The reason you will see, no doubt,
Is to keep the lightning out.

But what these unobservant birds
Have failed to notice is that herds
Of wandering bears may come with buns
And steal the bags to hold the crumbs.

[A Crotchety memory from Verse and Worse.]

It’s unlikely that Nick Drake was thinking of the cormorant fishermen of China and Japan when he wrote River Man, although quite what was in his mind isn’t entirely clear. My personal interpretation is that Nick was feeling stifled by the mores and conventions of the middle-class society in which he was brought up. He envied the river that flowed by, unconstrained by the invisible shackles that bind individuals into a stable, coherent society. As the song puts it:

Going to see the river man
Going to tell him all I can
About the ban
On feeling free.

Perhaps the river is wiser than he. Perhaps the river has the key to his metaphorical ankle-irons. Perhaps if he immerses himself in the river’s swirling thoughts it can set him free.

The lyrics given with this YouTube video are credited to Emily Dickinson and Nick Drake. But the great god Google can find no connection between the American 19th century poet and the English singer-songwriter. There are some curious similarities, though. Both withdrew from public life, becoming semi-detached even from their family and friends. There’s a certain similarity, too, in the major themes of their work: death and mortality in Dickinson’s poetry; dark, autumnal overtones in Drake’s songs. Was River Man influenced by Emily Dickinson’s poetry? Perhaps, but I can find no evidence to support that suggestion.

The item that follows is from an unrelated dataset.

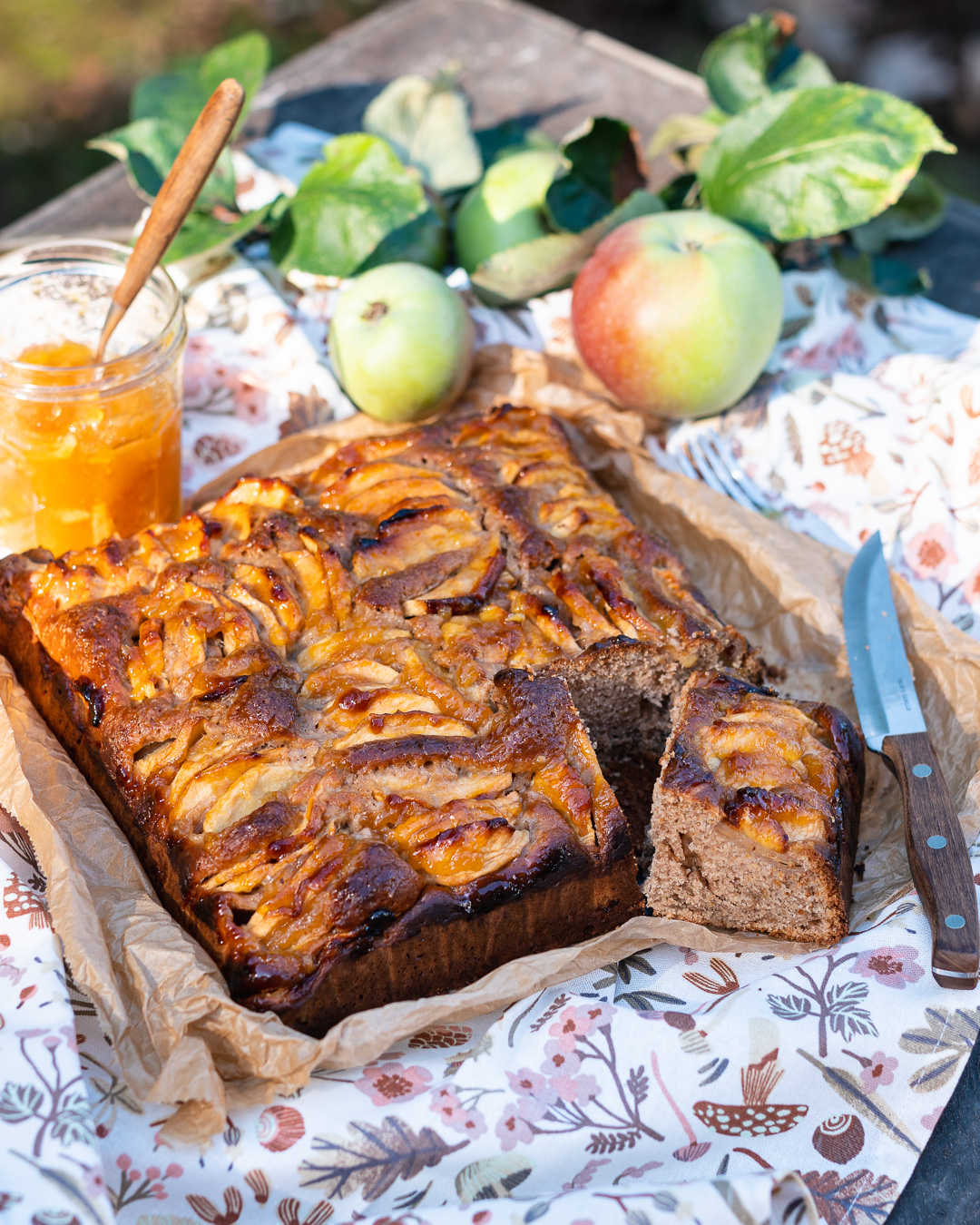 Mehr über den Artikel erfahren Schneller Apfelkuchen mit Ricotta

River Man is from Nick Drake’s first album, Five Leaves Left, released in 1969. It was a time when Nick and his record company were expecting considerable commercial success. The song is dusky in tone, but far from gloomy – like dark molten chocolate rather than the looming shadow of sorrow and loss. Nick’s precise guitar playing and warm voice are complemented by Danny Thompson’s resonant double bass and backed by a silky string section. This is a song that is searching for an answer to one of life’s troubles and fully expects to find it.

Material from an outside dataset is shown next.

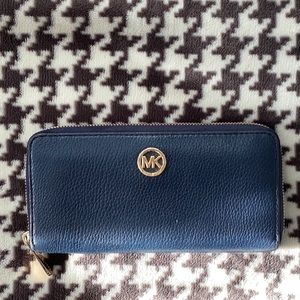 Michael Kors Leather Zip Around Wallet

Unfortunately for Nick neither that first album nor his next two, Bryter Layter (1971) and Pink Moon (1972), sold well. The lack of sales contributed to a developing depression and in 1974, at the age of 26, Drake took an overdose of anti-depressant pills. The coroner concluded that he committed suicide although Nick’s producer, Joe Boyd, prefers to think he was trying to recapture his earlier optimism and “making a desperate lunge for life rather than a calculated surrender to death”.

nick drake

There were no fond retrospectives of Nick Drake’s music immediately after his death but in 1979 a new box set, Fruit Tree, was released and an appreciation of his songwriting talent gradually grew through the 80’s. Although undoubtedly under-appreciated in his lifetime Nick Drake’s influence has turned out to be, like a great river, deep and widespread. For those of us fishing for good music his River Man is as fine a catch as you could hope to land – with or without the help of a cormorant or two.